*EXERCISE:* Copy the data precisely, character for character, and leave out every picture.

*INFORMATION SHOWN:*
- - -
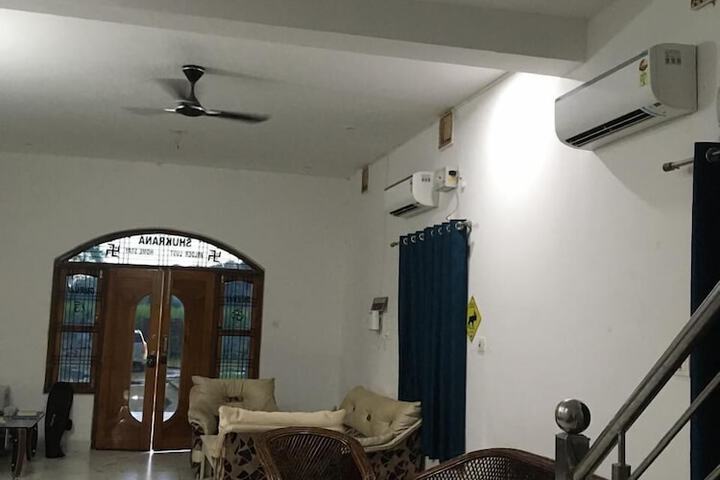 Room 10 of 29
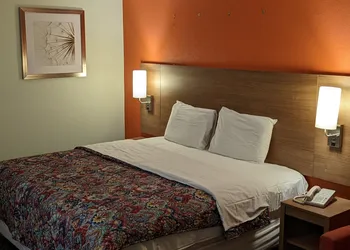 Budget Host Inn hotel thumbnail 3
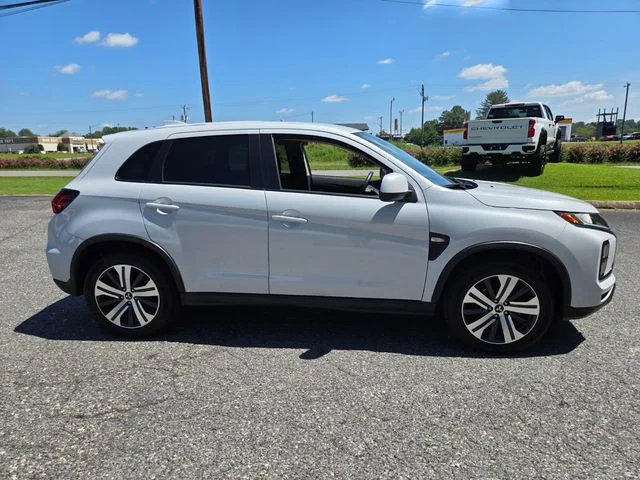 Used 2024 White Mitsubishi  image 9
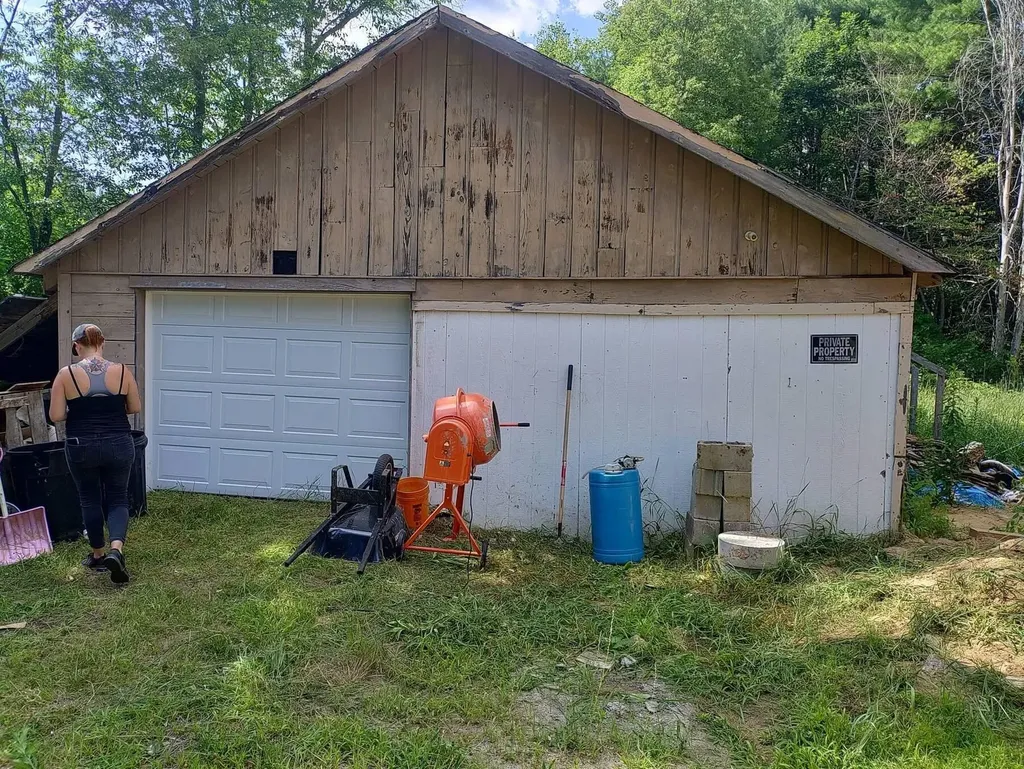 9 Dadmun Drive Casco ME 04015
- - -
*OUTPUT OF THE EXERCISE:*
 Room 10 of 29
 Budget Host Inn hotel thumbnail 3
 Used 2024 White Mitsubishi  image 9
 9 Dadmun Drive Casco ME 04015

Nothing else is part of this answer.